What is required: Below, find the line containing "Women's Carhartt Force®" and the line containing "Aufkleber 25km/h"; reproduce exactly those two and every line between them, omitting pictures.

Exercise materials:

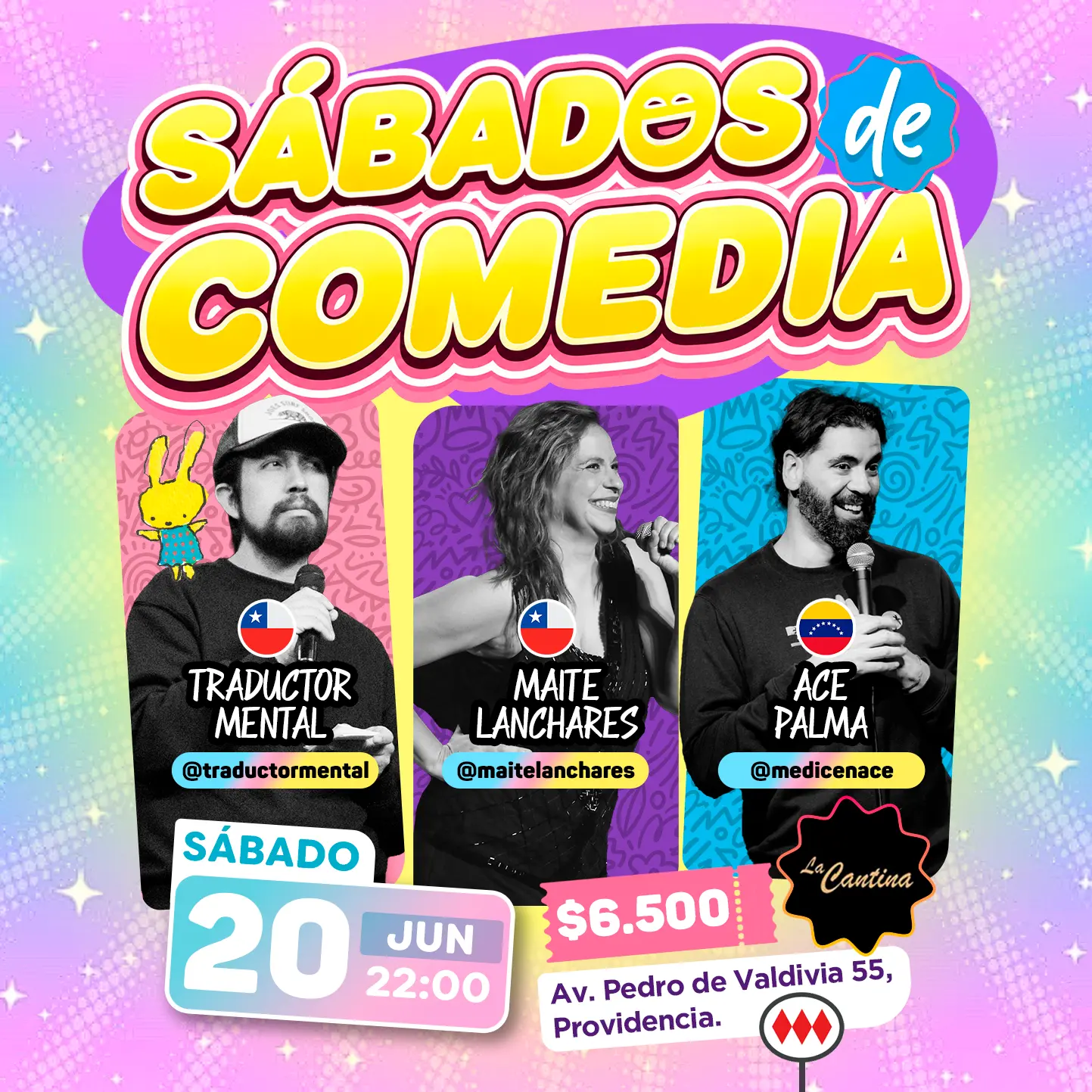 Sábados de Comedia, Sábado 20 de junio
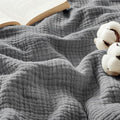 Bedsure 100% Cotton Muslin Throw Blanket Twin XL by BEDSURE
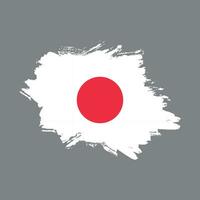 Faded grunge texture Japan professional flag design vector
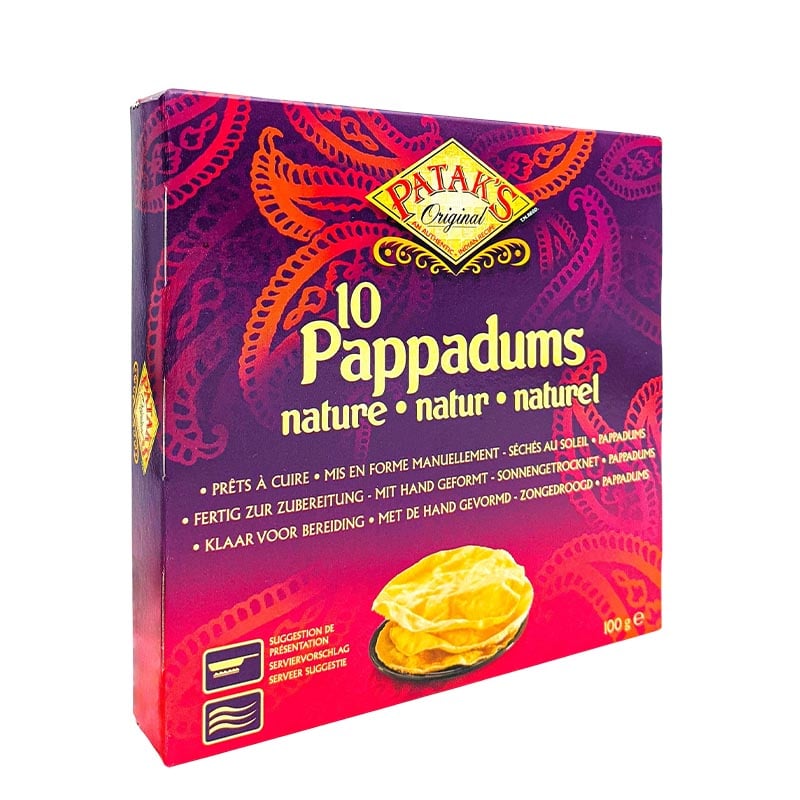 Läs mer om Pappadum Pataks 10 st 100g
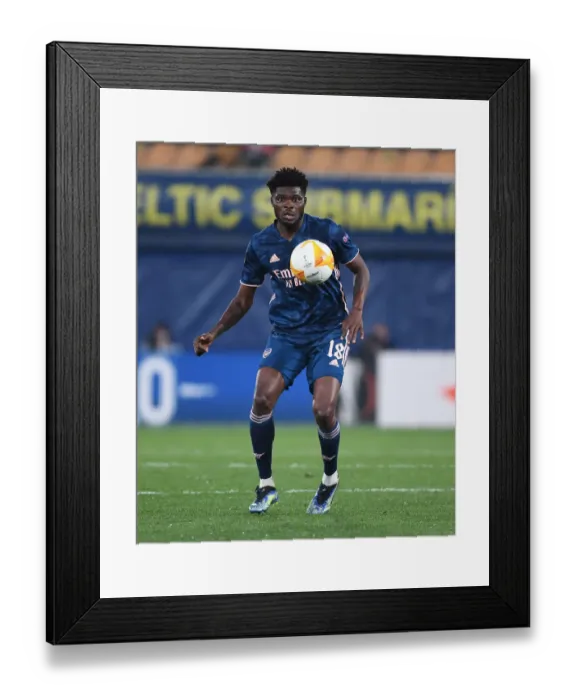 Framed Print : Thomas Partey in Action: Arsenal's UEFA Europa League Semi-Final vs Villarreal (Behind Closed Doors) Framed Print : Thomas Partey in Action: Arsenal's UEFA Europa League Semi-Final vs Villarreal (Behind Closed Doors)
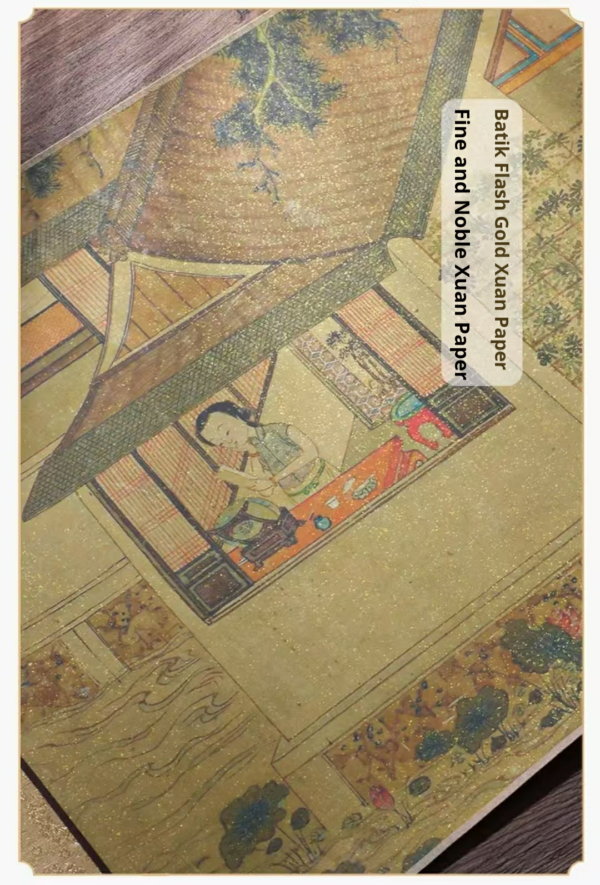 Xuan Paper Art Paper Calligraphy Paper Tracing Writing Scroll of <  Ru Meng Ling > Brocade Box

==

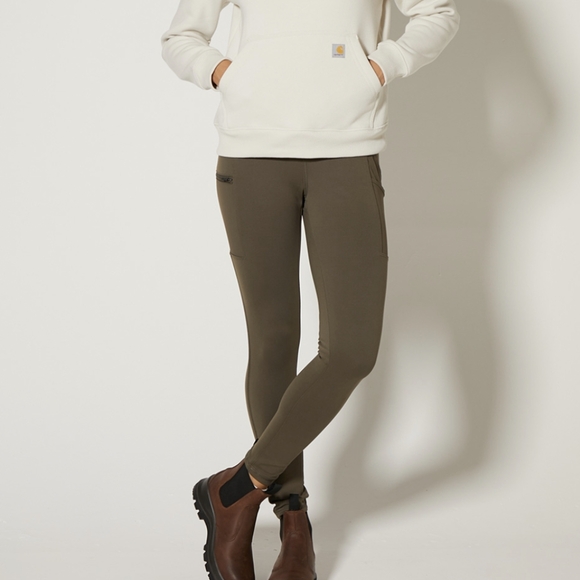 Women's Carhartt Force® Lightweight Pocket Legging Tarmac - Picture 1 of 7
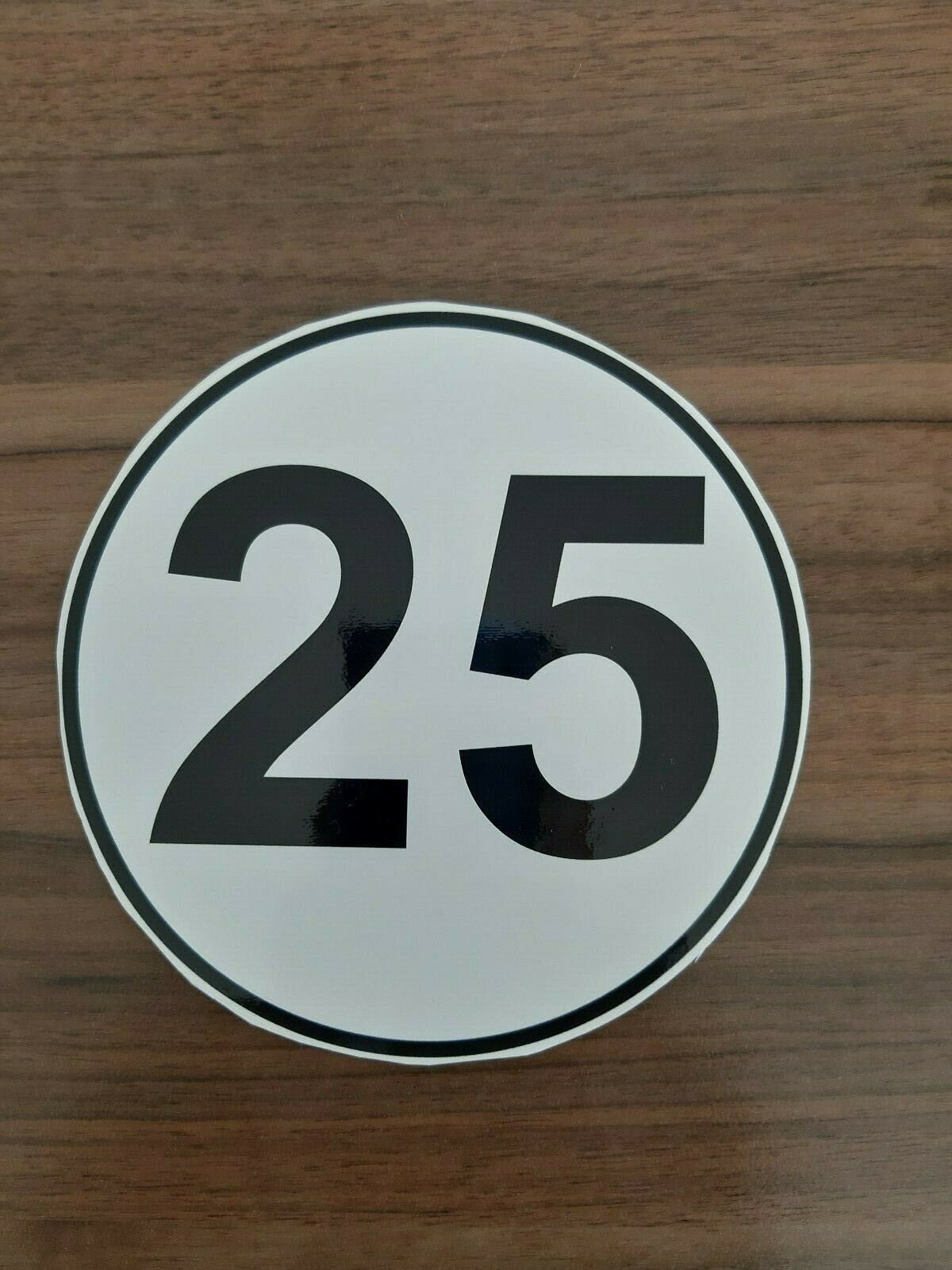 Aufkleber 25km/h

...

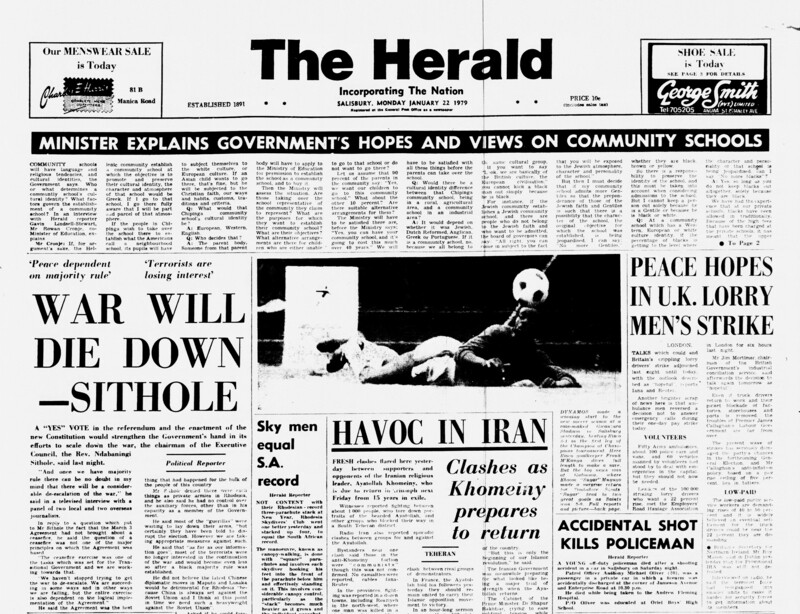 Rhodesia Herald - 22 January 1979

Solution for this task:
 Women's Carhartt Force® Lightweight Pocket Legging Tarmac - Picture 1 of 7
 Aufkleber 25km/h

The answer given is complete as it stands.